I’m still reading my new book about suspension geometry and contemplating the information, but it hasn’t resulted in any changes to the Sprint-T. The front is still a tube with fore and aft location by parallel 4-bar and laterally by a bent Panhard rod to clear frame members, rear is still fore and aft by dual trailing links and laterally by a Watt’s link and a torque arm for control of reaction torque from the engine. And torque reaction links for the brakes. All rotational reaction forces are isolated from the suspension to prevent locking up the suspension from either engine torque or brake torque, allowing the suspension to move freely at all times. The front springs are mounted as close to the ends of the axle as will clear moving parts, and the rear springs are mounted to the trailing links originally designed for swingarm suspensions of much heavier vehicles on rough tracks. This allows easier tuning of suspension stiffness by changing the motion ratio for the springs as there is quite a bit of motion ratio to play with.
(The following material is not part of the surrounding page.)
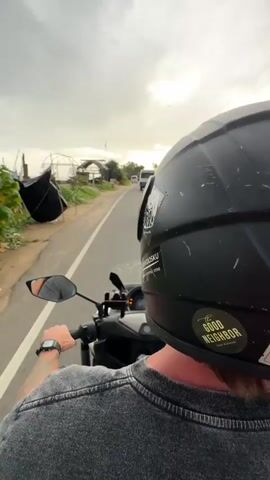 The video shows a first-person perspective of someone riding a black motorcycle on a paved road. The rider is wearing a black helmet with stickers on the back and a grey shirt. The rider's left hand is on the handlebars, and a black smartwatch is visible on their wrist. In front of the motorcycle, there are other vehicles on the road, including a white van and several scooters. To the left of the road, there is a grassy area with some structures and vegetation. The sky is cloudy with sunlight breaking through. The overall environment appears to be a coastal road.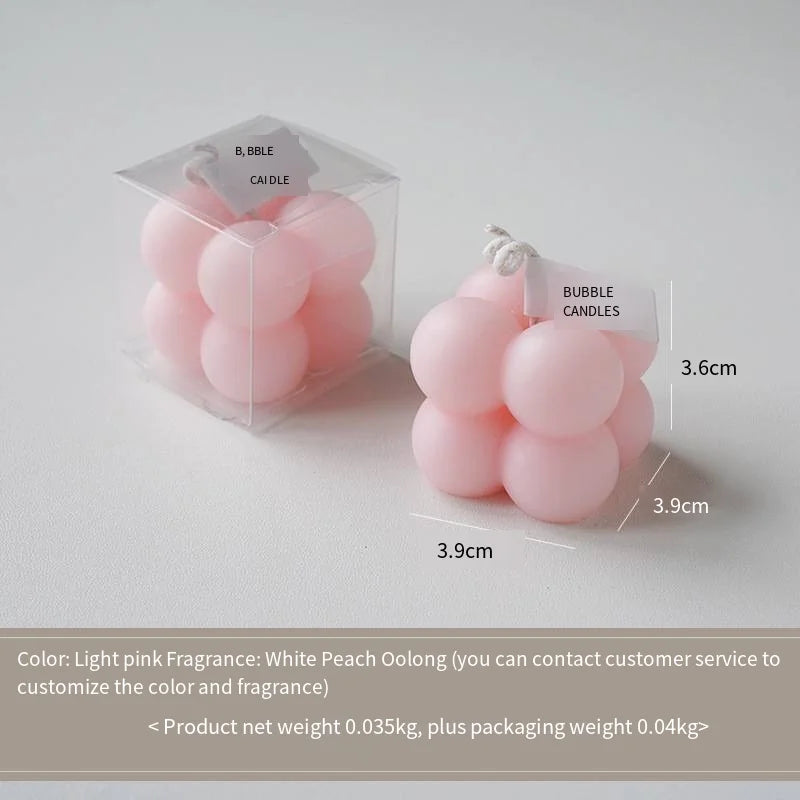 A square ball-shaped scented candle, a colorful birthday gift, a handcrafted candle, and a cute-shaped scented candle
To clarify that, the bottom of the spring mount moves less than the wheel in both single wheel and double wheel bumps. This means I can get smaller changes in wheel rate than steps in spring rate which gives me finer control over wheel rate. Also the total travel of the shock is less than the travel of the wheel which reduces the amount of force per inch of wheel travel. There is a formula that gives us the effective wheel rate when the spring rate is known (mr2*Spring Rate) or the square of the motion ratio times the spring rate. On the rear suspension for the Sprint-T there are two motion ratios, the motion ratio for a single-wheel bump or body roll and the motion ratio for a two-wheel bump which is just the motion ratio of the swingarm. The single wheel bump is the swingarm ratio times (the distance from the far wheel to where the swing arm attaches to the axle housing divided by the track).
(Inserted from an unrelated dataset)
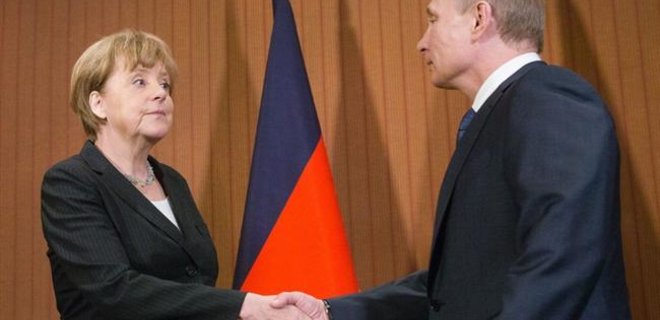 Ответственность за события в Украине несет Россия - Меркель - Фото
I bought Advanced Race Car Chassis Technology HP1562 for the Kindle a few weeks ago and I’ve been absorbing it a little at a time. It’s a complex subject, but from what I’ve been able to read so far, if I get it right I don’t need to make the frame all that torsionally rigid. If I’m reading this right there’s no twisting load on the frame if I have the suspension geometry right and tuned the spring rates. If my sums are close there will be about 300 pounds ± on the springs of the front corners, and about 350 ± on each rear. That’s not a good sprung/unsprung ratio, but that’s what I’m stuck with.
The front axle weighs about 65 pounds plus the hubs and brakes, because it’s a honkin’ huge chunk of
iron steel with tons of thick brackets welded to it, and the spindles are likewise big chunks of forged steel. The rear axle is right at 100 with the diff and and axles (drive) but without the hubs and brakes, which are almost the same weight for both ends. The rears are a touch lighter than the fronts because the rear disks are 11.75″ and the fronts are 12.19″. All of that is unsprung (bad) weight, axles, drive axles, hubs, brakes, the whole shootin’ match all bad weight. Well none of it is good but unsprung weight is super bad compared to sprung weight. Like excess unsprung weight causes tires to lose contact with the ground over a bumpy road even if the bumps aren’t that big, bad. And a lightweight car makes unsprung weight even worse because sprung weight pushes the unsprung into the road and not having enough sprung weight means the unsprung weight is just kinda floating out in space. It only contacts the ground intermittently because the two weights, sprung and unsprung, are just oscillating independently. I’m getting close to that condition with the front of the Sprint-T. If I understand the theory right the only thing you can do with a car that has sprung:unsprung ratio approaching unity is make the dampers stiffer to prevent oscillation from setting in, assuming there’s nothing to do to make the unsprung weight less. Right now the only option I have is to use “drillium” in the front axle, that is to remove weight by drilling the front axle full of holes. Since this axle was designed for a car almost twice as heavy as the Sprint-T this is actually an option.
As far as the geometries of both ends are concerned, the front end will not have any adjustability beyond caster and toe, the roll center height will be fixed to prevent the front axle moving under load and changing the steering angle. But the rear axle will be located by a Watt’s link with the pivot located by a nut on a threaded bolt that adjusts up and down to change the balance of the car for different conditions, like understeering for highway travel, neutral for road courses, and slightly oversteering for autocross. That can be done by turning the bolt to move the rear roll center up and down.